PROVIDED INFORMATION Start Marker

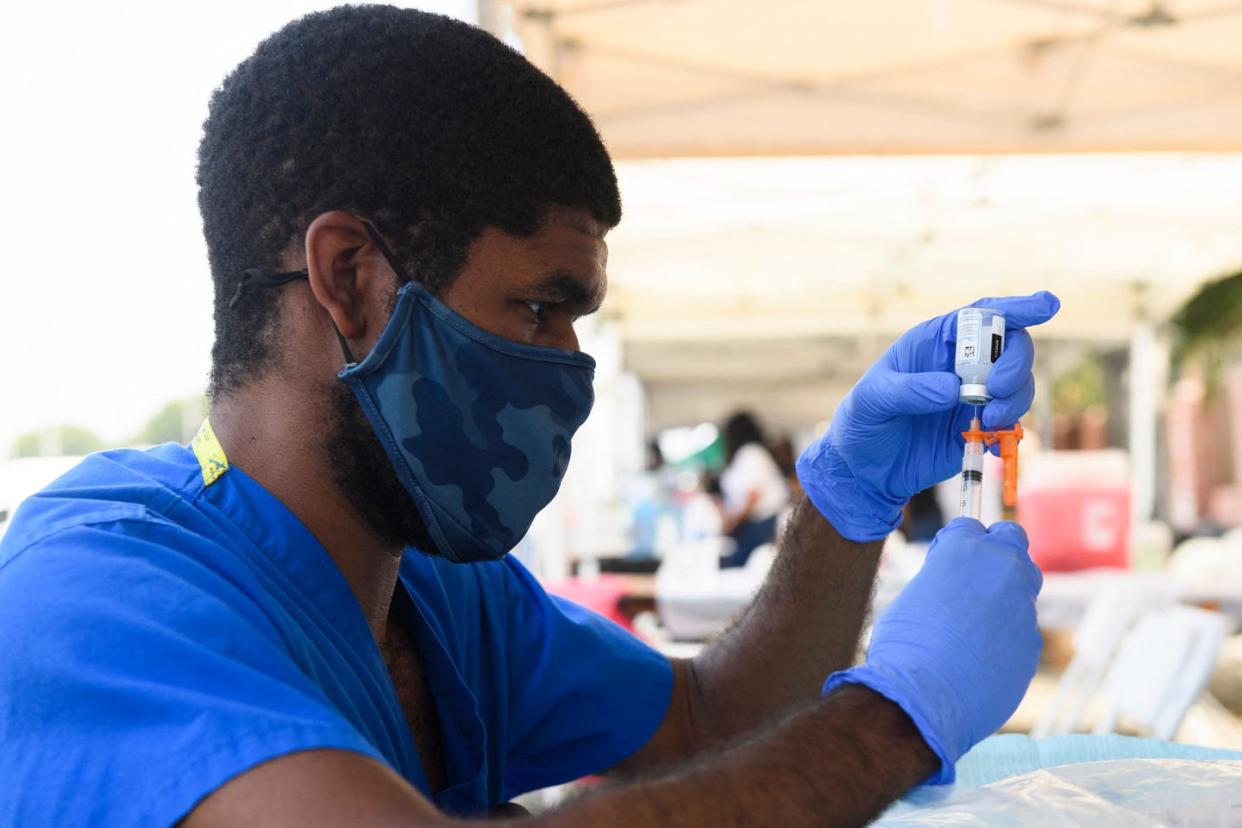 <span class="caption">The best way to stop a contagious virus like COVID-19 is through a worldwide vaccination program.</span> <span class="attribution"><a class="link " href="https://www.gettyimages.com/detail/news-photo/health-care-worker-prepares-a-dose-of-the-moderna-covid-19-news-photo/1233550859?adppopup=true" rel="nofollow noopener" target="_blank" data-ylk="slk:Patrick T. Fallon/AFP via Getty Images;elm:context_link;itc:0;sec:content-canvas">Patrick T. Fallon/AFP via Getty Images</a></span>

PROVIDED INFORMATION End Marker
PROVIDED INFORMATION Start Marker

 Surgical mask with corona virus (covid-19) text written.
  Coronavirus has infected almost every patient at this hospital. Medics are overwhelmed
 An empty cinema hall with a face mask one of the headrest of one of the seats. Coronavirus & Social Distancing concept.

PROVIDED INFORMATION End Marker

▶ AIM OF THE EXERCISE
From the material above, copy exactly the lines between the line holding "Surgical mask with" and the line holding "An empty cinema", inclusive, and only those.

▶ SOLVED PROBLEM
 Surgical mask with corona virus (covid-19) text written.
  Coronavirus has infected almost every patient at this hospital. Medics are overwhelmed
 An empty cinema hall with a face mask one of the headrest of one of the seats. Coronavirus & Social Distancing concept.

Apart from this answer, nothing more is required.